*** DATASET RECORDS Section Begins ***

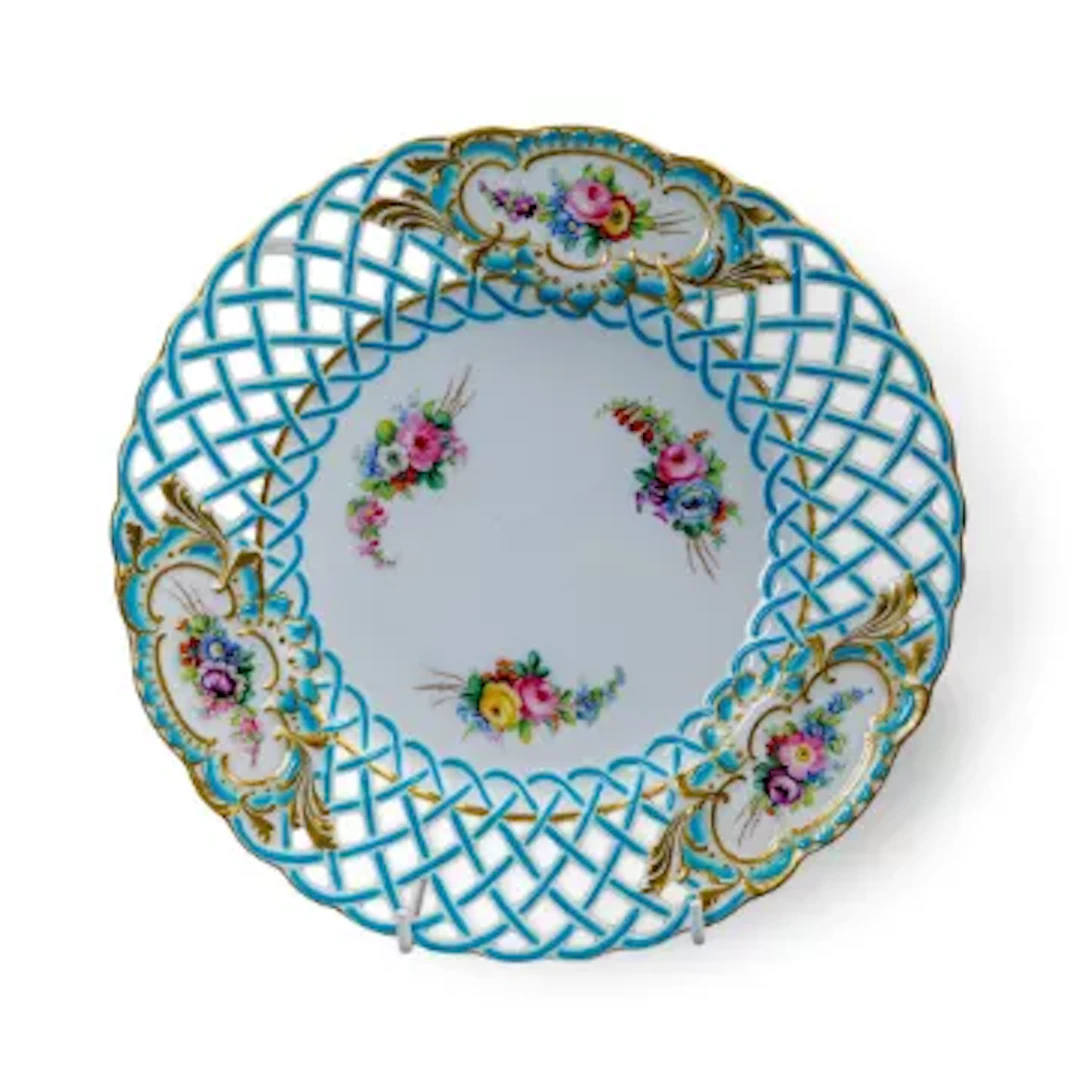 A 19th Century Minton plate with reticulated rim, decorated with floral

*** DATASET RECORDS Section Ends ***
*** DATASET RECORDS Section Begins ***

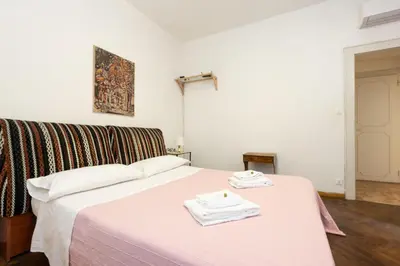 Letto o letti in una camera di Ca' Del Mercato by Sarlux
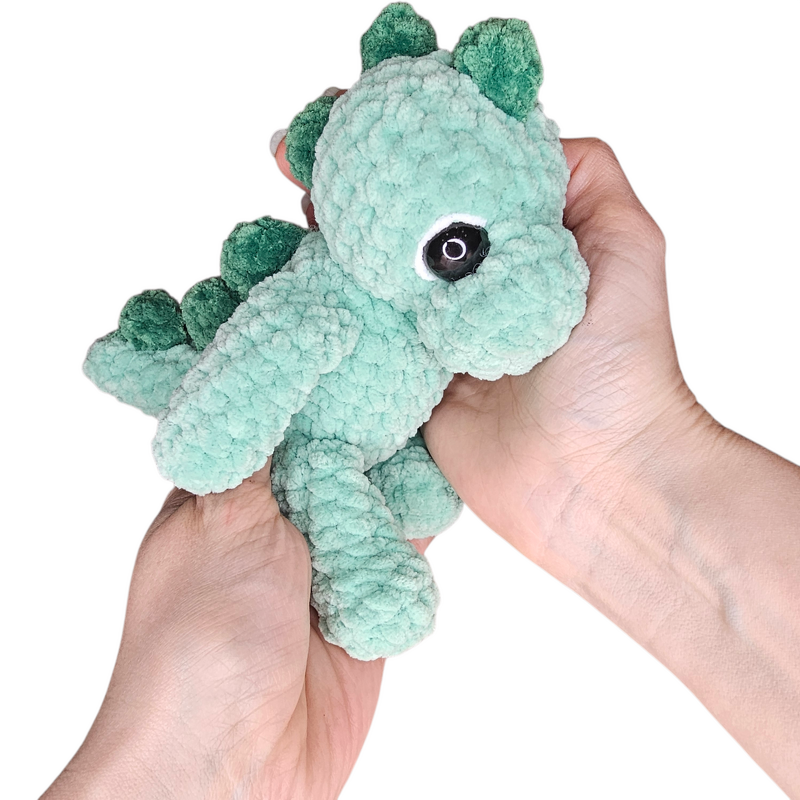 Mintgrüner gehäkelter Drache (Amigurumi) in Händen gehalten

*** DATASET RECORDS Section Ends ***
*** DATASET RECORDS Section Begins ***

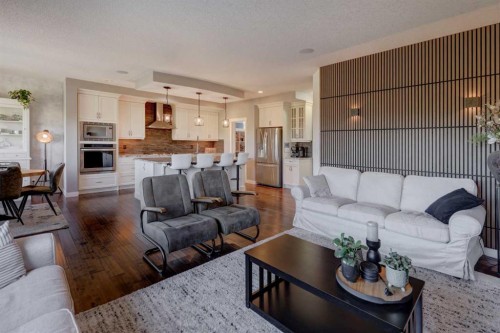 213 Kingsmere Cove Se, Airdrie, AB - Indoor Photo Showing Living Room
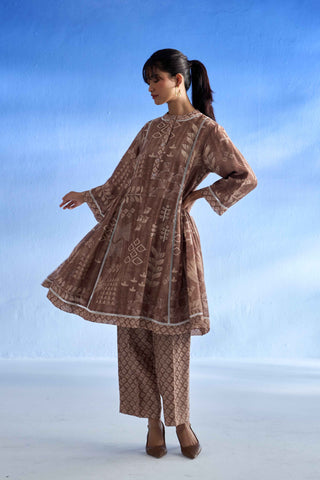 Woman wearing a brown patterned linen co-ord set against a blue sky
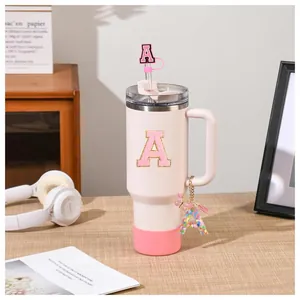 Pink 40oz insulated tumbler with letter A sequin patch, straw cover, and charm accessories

*** DATASET RECORDS Section Ends ***

TO DO: Once the line with "Woman wearing a" is found in the data above, reproduce it and each line after it exactly, through the line with "Pink 40oz insulated". Omit the pictures.

YOUR RESPONSE:
 Woman wearing a brown patterned linen co-ord set against a blue sky
 Pink 40oz insulated tumbler with letter A sequin patch, straw cover, and charm accessories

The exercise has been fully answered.